Martin Amis, Acclaimed Author of Bleakly Comic Novels, Dies at 73
Father and son were close, but they disagreed about much. Kingsley Amis drifted to the right with the rise of Margaret Thatcher; he once publicly referred to his son’s left-leaning political opinions as “howling nonsense.”
Their supposed rivalry was of great interest in Britain. When the National Portrait Gallery invited father and son to pose together, Kingsley’s thin-skinned refusal made the front page of The Sunday Telegraph. He later regretted the fuss, the younger Mr. Amis said.

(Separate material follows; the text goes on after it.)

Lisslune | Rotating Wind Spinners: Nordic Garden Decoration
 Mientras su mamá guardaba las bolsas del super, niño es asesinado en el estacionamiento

Being the child of a well-known writer was, for Mr. Amis, both blessing and curse. It helped put him on the map earlier than he might otherwise have gotten there. It made him familiar at an early age with London’s hothouse publishing world. It also helped make him a figure of fascination, resentment and envy.
“I’d be in a very different position now if my father had been a schoolteacher,” Mr. Amis told The Sunday Times of London in 2014. He added: “I’ve been delegitimized by heredity. In the 1970s, people were sympathetic to me being the son of a novelist. They’re not at all sympathetic now, because it looks like cronyism.”
Mr. Amis’s talent was undeniable: He was the most dazzling stylist in postwar British fiction. So were his swagger and Byronic good looks. He had well-chronicled involvements with some of the most watched young women of his era. He wore, according to media reports, velvet jackets, Cuban-heel boots, bespoke shirts. He stared balefully into paparazzi lenses.